As of September 2024, Astronomy Cast has produced over 700 podcasts.

In 2017, the hosts of Astronomy Cast were invited to a week-long celebration hosted by Twitch (service) in honor of Science Week. Fraser Cain and Dr. Pamela L. Gay were two of many prominent personalities in the space and science field to be interviewed for the event.

In July 2018, Astronomy Cast was mentioned in an article written by Mental Floss. The magazine included Astronomy Cast in a list they called, "15 Podcasts That Will Make You Feel Smarter."

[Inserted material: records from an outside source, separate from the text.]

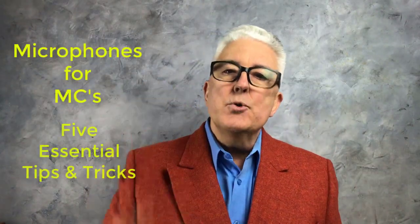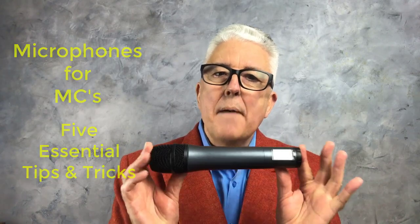Have you ever watched someone using a microphone and everything seems to go wrong? Don't be that person. In this short video, I'm gonna give you five essential tips on using a microphone.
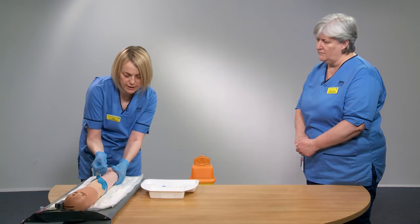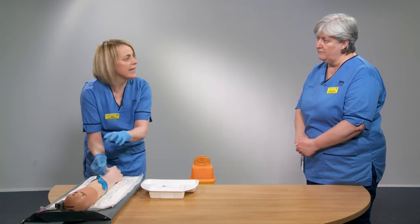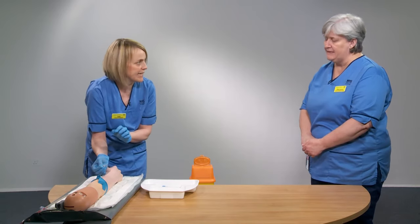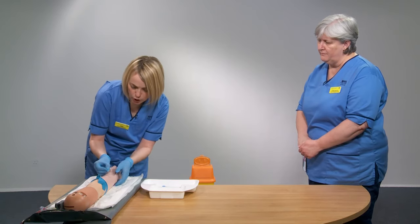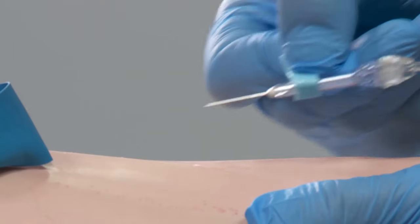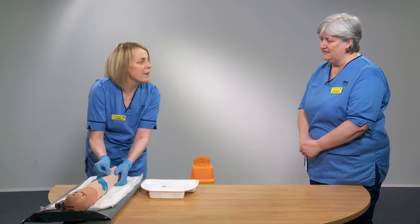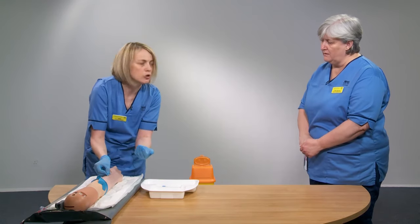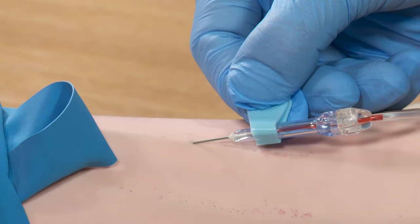With the non-dominant hand, apply gentle traction below the puncture site, keeping that hand below the cleaned area so you don't contaminate it. Enter at a 30-degree angle and watch for flashback in the chamber. Once you see flashback, you are in the vessel and do not need to advance further — the needle has done its job of piercing the vessel.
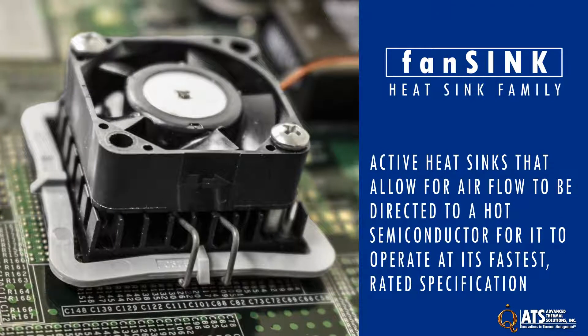ATS fan sink active heat sinks allow for airflow to be directed to a very hot semiconductor for it to operate at its fastest rated specification.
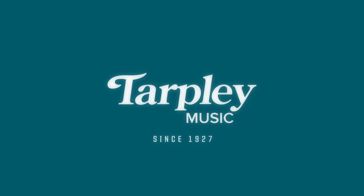Today we discuss the Yamaha LL TransAcoustic. James Shee here at Tarpley Music in Fort Worth, Texas. You can always find us online at tarpleymusic.com, and hit that subscribe button if you haven't done so already.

In September 2018, Astronomy Cast recorded its 500th episode in front of a live audience, in addition to the usual YouTube live stream. The event was part of the AC:500 celebration, an event which was primarily organized & executed by the fans & supporters of the series, and in association with the Weekly Space Hangout, which also recorded & streamed a live episode during the event. The event was held in Edwardsville, IL, from September 14–16, 2018, and included a live recording of one of Cain's "Q & A" videos on various space-related topics, an astronomy-inspired "planet painting" art session with Dr. Gay, and a sidewalk astronomy event held in conjunction with various fans of the show, members of local star-gazing societies, which was open free of charge to the general public & passers-by.